The disclosure is buried inside a lengthy personality profile of Microsoft executives Satya Nadella, Steve Ballmer, and Gates, describing the relationships tying together—and pushing apart—each of the three. But the article by Vanity Fair also touches tangentially on what Microsoft is actually doing these days—especially Gates, who’s dedicating exactly 30 percent of his time to the company.
Gates, in one excerpt, describes an upcoming meeting with a “genius guy” who is pushing the idea for a new app. “[W]hen you write an application you don’t write an application for this thing and then another application for that thing and another application for this thing,” he told the magazine. “When you fire up the meeting-room application, everybody’s machine has a part of this meeting-room application.”
Why this matters: Microsoft has already built out a strong—some might say redundant—platform of collaborative technologies. Extending it to the meeting room or boardroom would make sense, especially as connecting a videoconferencing session still robs a meeting of valuable time. Whether this would be a standalone app, or simply a feature of an existing Microsoft technology, remains to be seen. We’d bet on the latter.
’Meeting Room Plus’
The app, which Vanity Fair dubs “Meeting Room Plus,” would do everything that needs to be done, from sharing notes to videoconferencing, without having to pause to open something else up. “On that one, I think we’ll take the lead,” Gates said. “That’s a very cool thing, and it does kind of trump what’s come before.”

The Polycom CX8000 videoconferencing solutuion for Microsoft Lync, all told, costs over $15,000, according to Microsoft.
The idea gets buy-in from Nadella as well.

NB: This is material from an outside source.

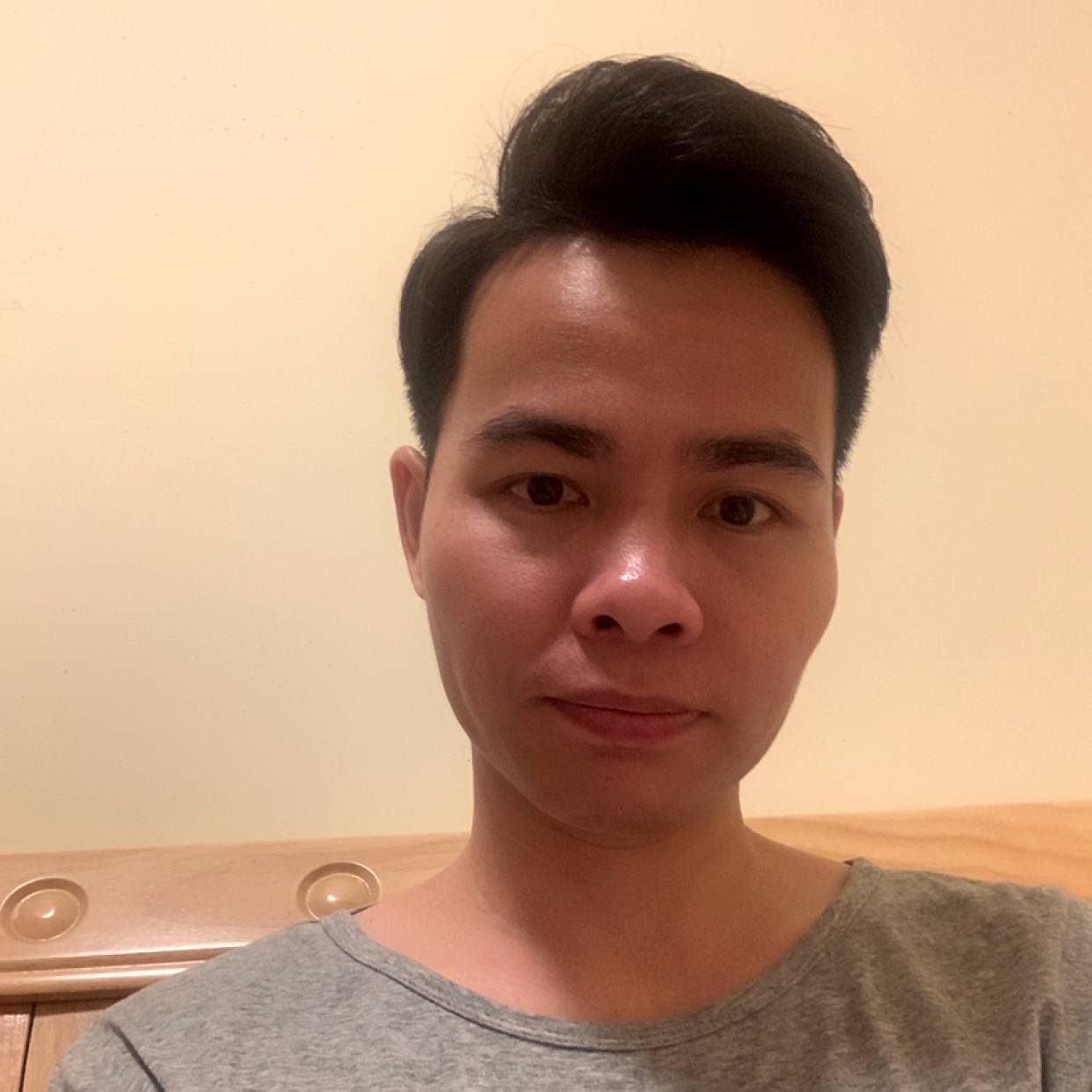 季风。的照片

“I think that’s a great way to think about it,” Nadella said, according to the magazine. “Let’s say we walk into this room. There are cameras there that recognize each one of us, automatically log us into a shared whiteboard, rendezvous the machines you have, a phone or a tablet, so that you can share things.”
If the app did come to fruition, it would be another in a long line of different ways of sharing content and collaborating within Microsoft. At one time, that was seen as Skype’s role, but that product was integrated with Microsoft Lync in 2013. At the time, Microsoft announced Lync Room System, a hardware package combining large touch monitors and a 360-degree camera. Lync Room Systems are still sold by those partners, but they also cost more than $15,000 apiece, according to Microsoft.
Since then, Google has entered the space with Google Chromebox for Business, a solution that costs about $1,000. Startup Highfive announced a $799 system this week. Both, however, rely on the users themselves to set up the meeting, log themselves in, and share information.
It’s conceivable that the app could tie into the recently announced Microsoft Groups feature, allowing access to a shared workspace and OneDrive for Business, possibly automatically launching a PowerPoint presentation that the meeting organizer has previously selected to share. Zoho’s Showtime app takes a similar approach.
Still, namechecking a new app in a national magazine gives it a decent shot at success. And if you’re interested in how Nadella was selected (and how Ballmer was essentially booted out) the Vanity Fair article makes for an interesting lunchtime read.